A four-year-old boy from Lancashire, who lost an eye after developing cancer, has had his life transformed by a false eyeball made in Blackpool.

Edward Cassidy from Accrington was diagnosed with Retinoblastoma when he was 18 months old and had his eye removed.

He received a false eye that was hand-made at the National Artificial Eye Service (NAES) on Bristol Avenue.

His mother, Melanie said she felt like she "had got my baby back".

The false eyes, which are produced by a team of 18 technicians for patients across England, are each individually created.

Photographs of patients' remaining eyes are referred to to ensure a perfect match.

Red embroidery thread is painstakingly untangled into individual fibres to simulate tiny blood vessels within the eye.

Armed forces

Mrs Cassidy said: "When Edward was diagnosed it was like being run over by a truck.

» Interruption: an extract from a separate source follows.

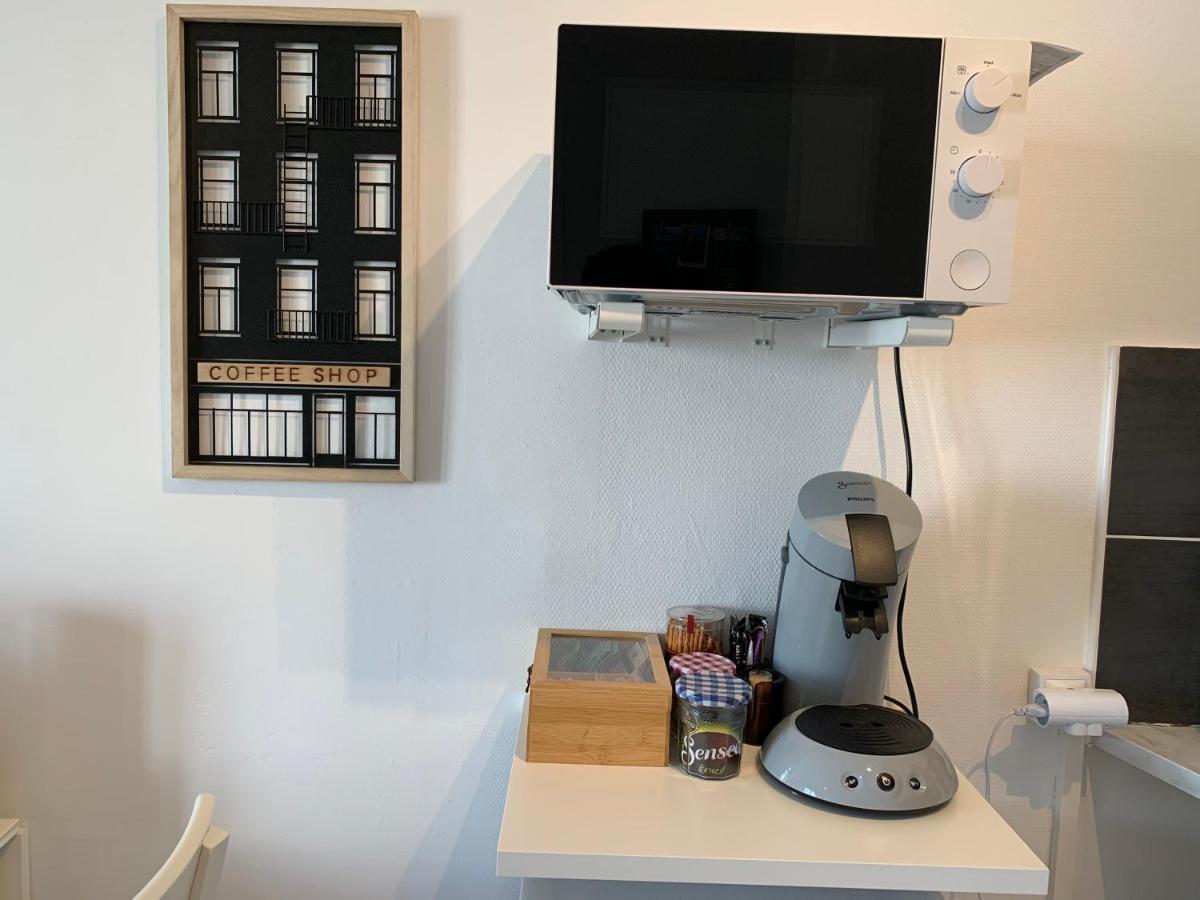 Appartement entièrement rénové, ensoleillé, à 3mn de la Gare St Charles, avec la vue sur Notre-Dame de la Garde Marselha Exterior foto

"When we were told he would have to have his eye removed, we were very worried for his appearance for the rest of his life.

"But when he was fitted with his first temporary eye it made me cry because it was like I had got my baby back," she said.

Ken Barratt, NAES production manager said: "The eyes are hand-made, hand-painted and every one is bespoke - It's not a mass production line."

The NAES was established at the resort's civil service base during the war to originally provide spectacles and false eyes to members of the armed forces.

It provides eyes to patients at 16 main hospitals and 50 outreach clinics across England.